• **INSTRUCTIONS FOR THE TASK**:
Find "動物コスプレ　耳&尻尾セット" below and begin at its line; stop after the line with "Un pulsante verde". Output those lines exactly, without pictures.

[[ PROVIDED MATERIAL, beginning ]]

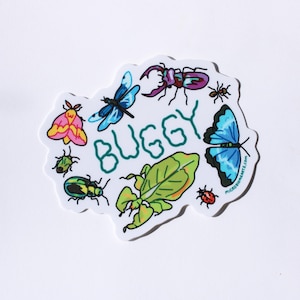 May include: A white sticker with the word "BUGGY" in green, surrounded by colorful illustrations of insects. The sticker features a dragonfly, butterfly, beetle, moth, and other bugs. The sticker has a white border.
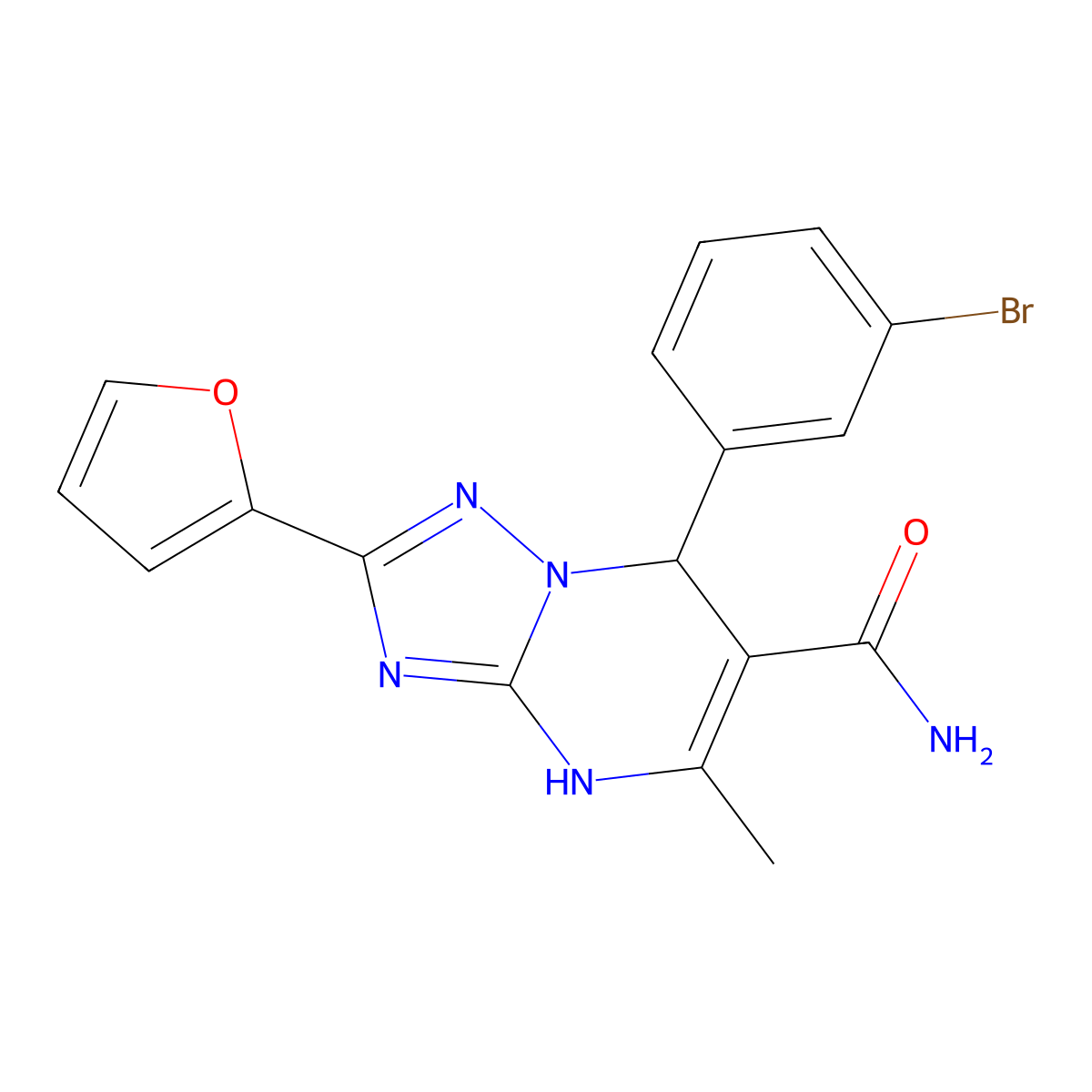 7-(3-bromophenyl)-2-(furan-2-yl)-5-methyl-4H,7H-[1,2,4]triazolo[1,5-a]pyrimidine-6-carboxamide molecular structure, CAS 538353-20-7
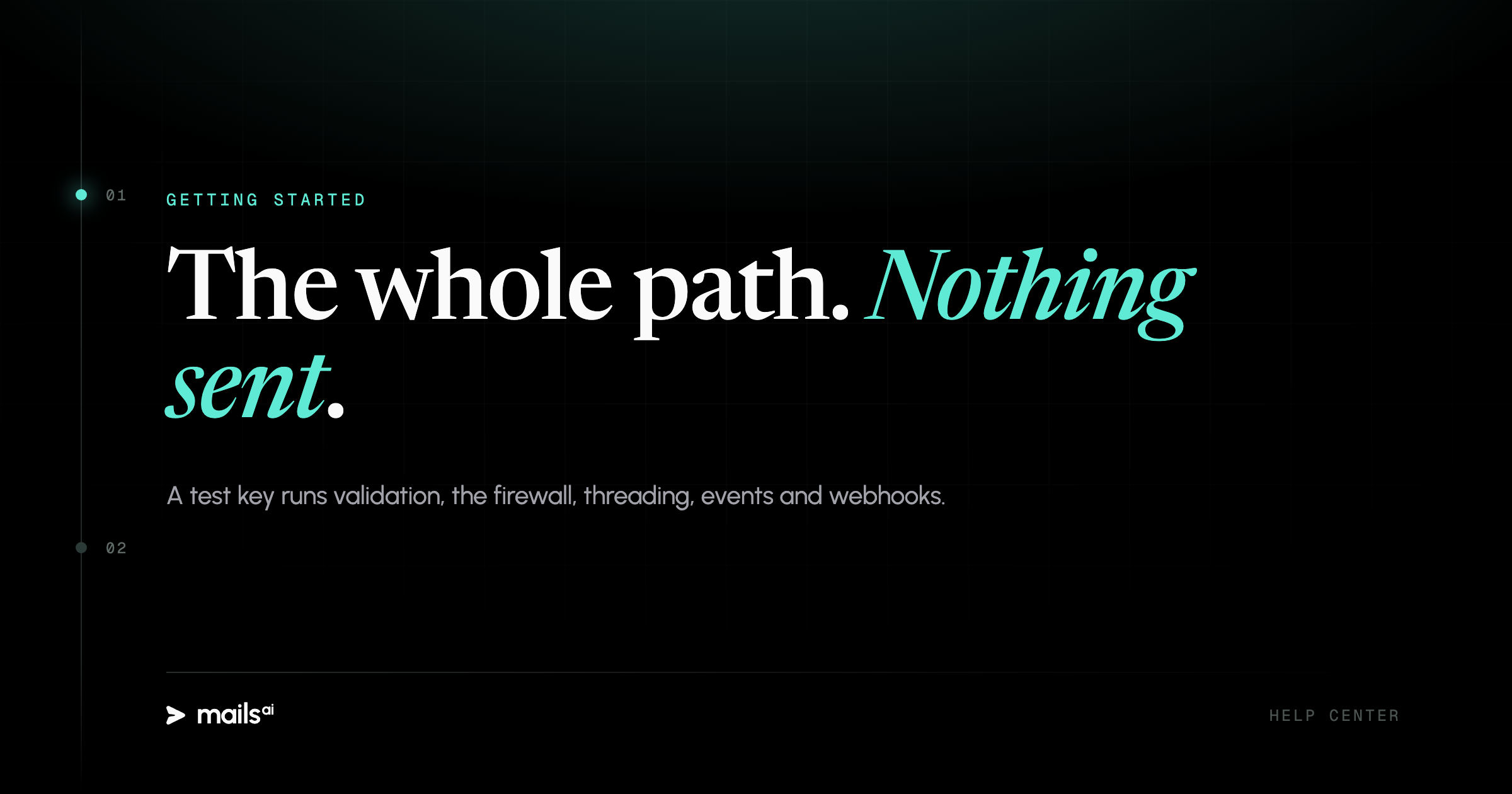 Mails.ai — Test mode: run the whole path without sending anything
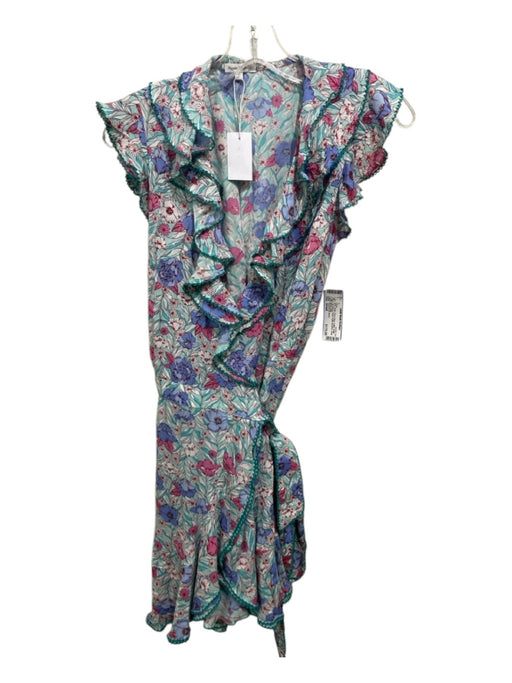 Poupette St. Barth Size Small White, Pink & Blue Cotton Ruffle Cap Sleeve Dress White, Pink & Blue / Small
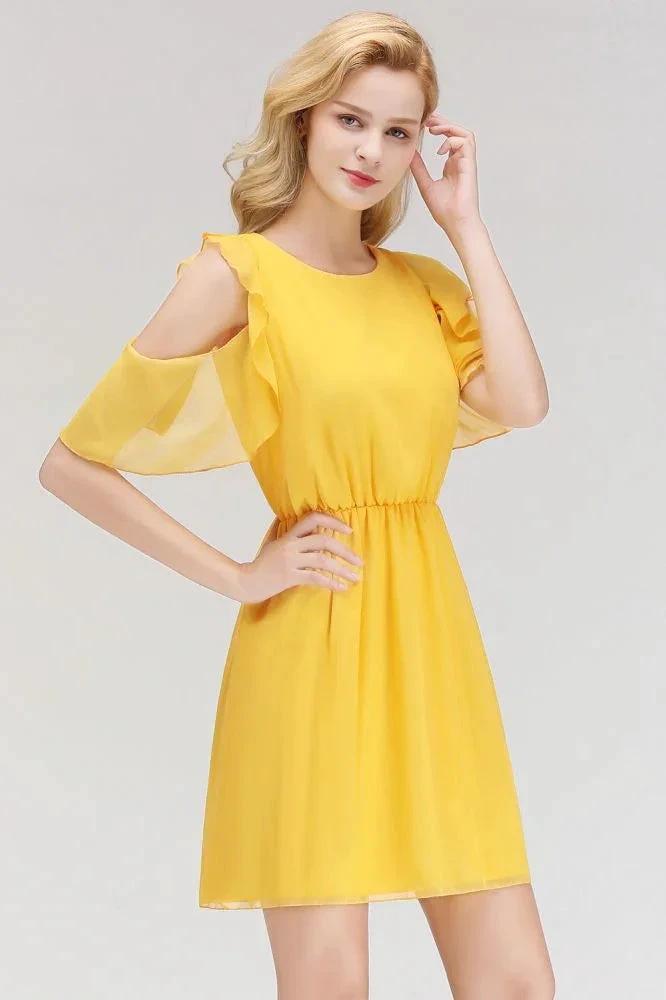 Elegant Mini Daily Casual Dresses Simple Tulle Sleeveless Evening Dresses by misshow.com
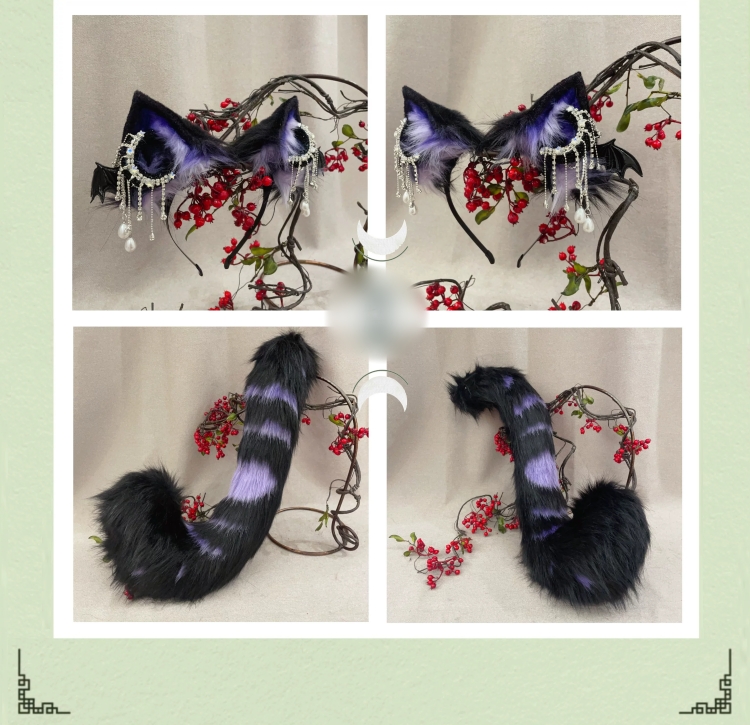動物コスプレ　耳&尻尾セット　ハロウィン　ヘアバンド/充填式電動ヘアバンド獣耳　マグネット・リボンテール/リモコン付き電動式獣尾　萌え　ふわふわ　アニマル変装　高品質　手作り　イベント/ハロウイン/コスプレ小物-5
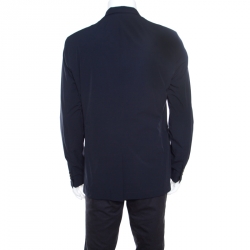 Pre Owned Emporio Armani Navy Blue Nylon Fingerprint Lined Double Breasted Jacket XL
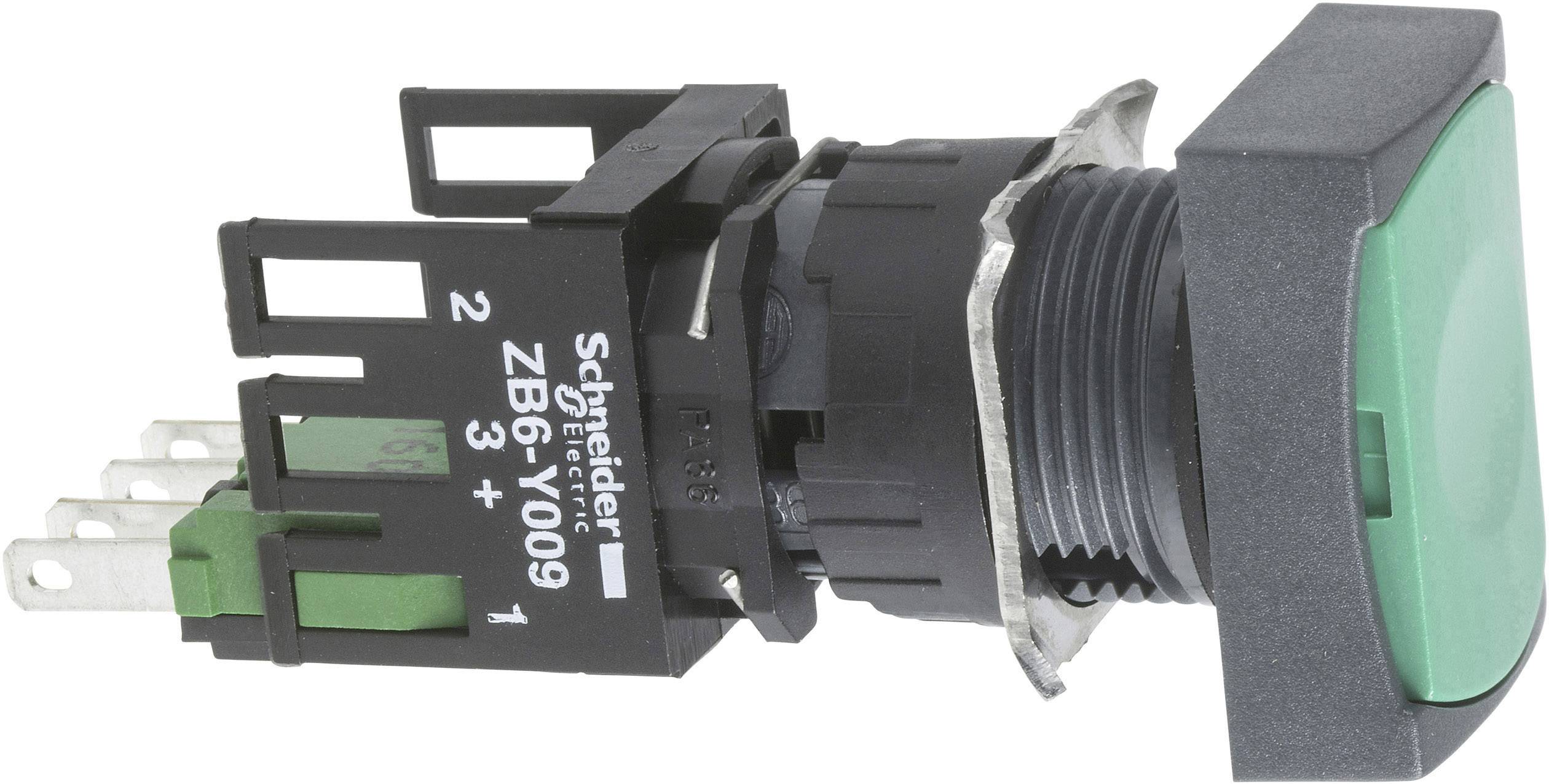 Un pulsante verde con involucro in plastica e filettatura metallica. La vista laterale mostra i morsetti di connessione. Produttore: Schneider Electric, Modello: ZB6-Y009.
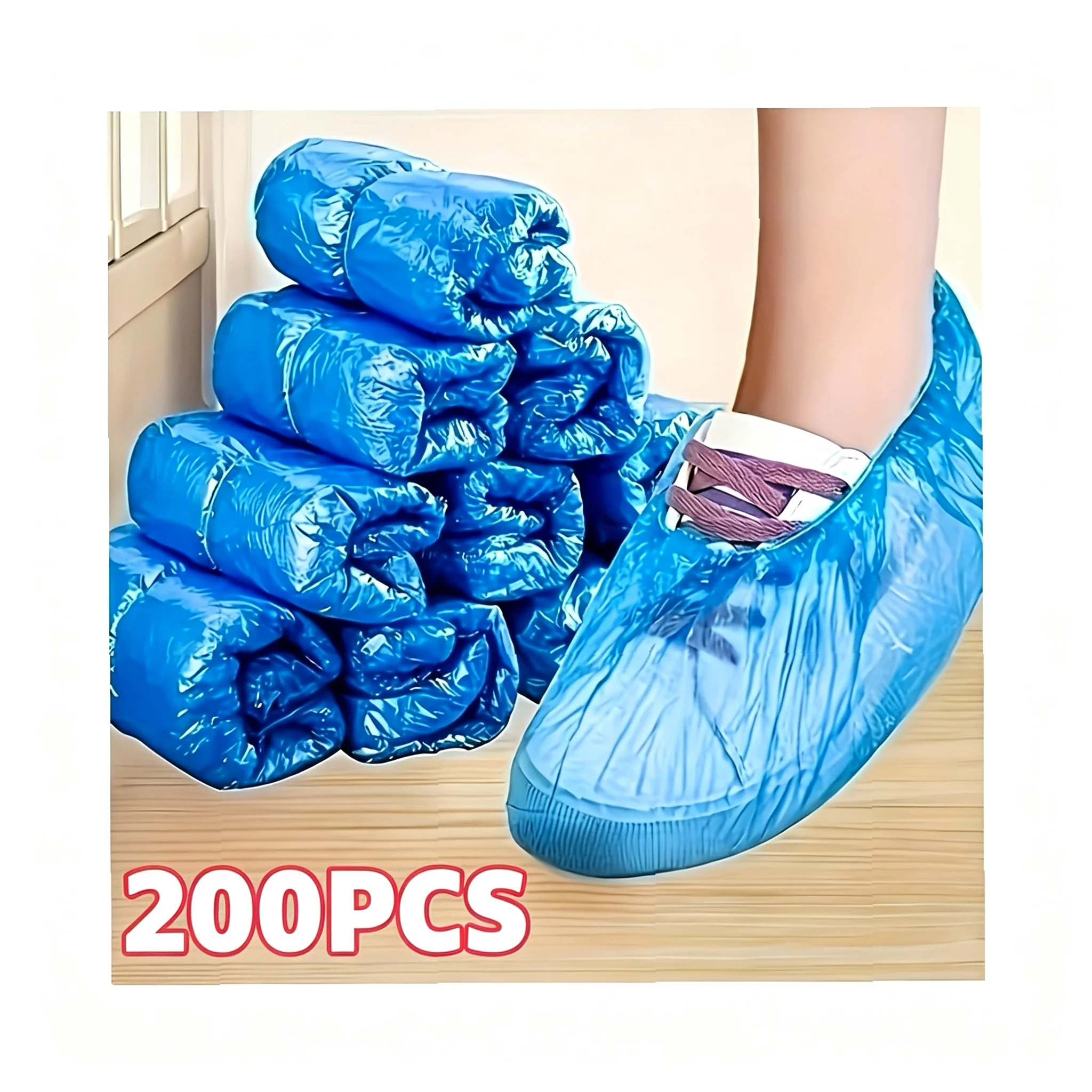Blue Disposable Shoe Covers 100Pcs, Elastic Non-Slip Dust-Proof Protector, Heavy Duty Durable for Home Office Hotel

[[ PROVIDED MATERIAL, end ]]

• **THE ANSWER**:
動物コスプレ　耳&尻尾セット　ハロウィン　ヘアバンド/充填式電動ヘアバンド獣耳　マグネット・リボンテール/リモコン付き電動式獣尾　萌え　ふわふわ　アニマル変装　高品質　手作り　イベント/ハロウイン/コスプレ小物-5
 Pre Owned Emporio Armani Navy Blue Nylon Fingerprint Lined Double Breasted Jacket XL
 Un pulsante verde con involucro in plastica e filettatura metallica. La vista laterale mostra i morsetti di connessione. Produttore: Schneider Electric, Modello: ZB6-Y009.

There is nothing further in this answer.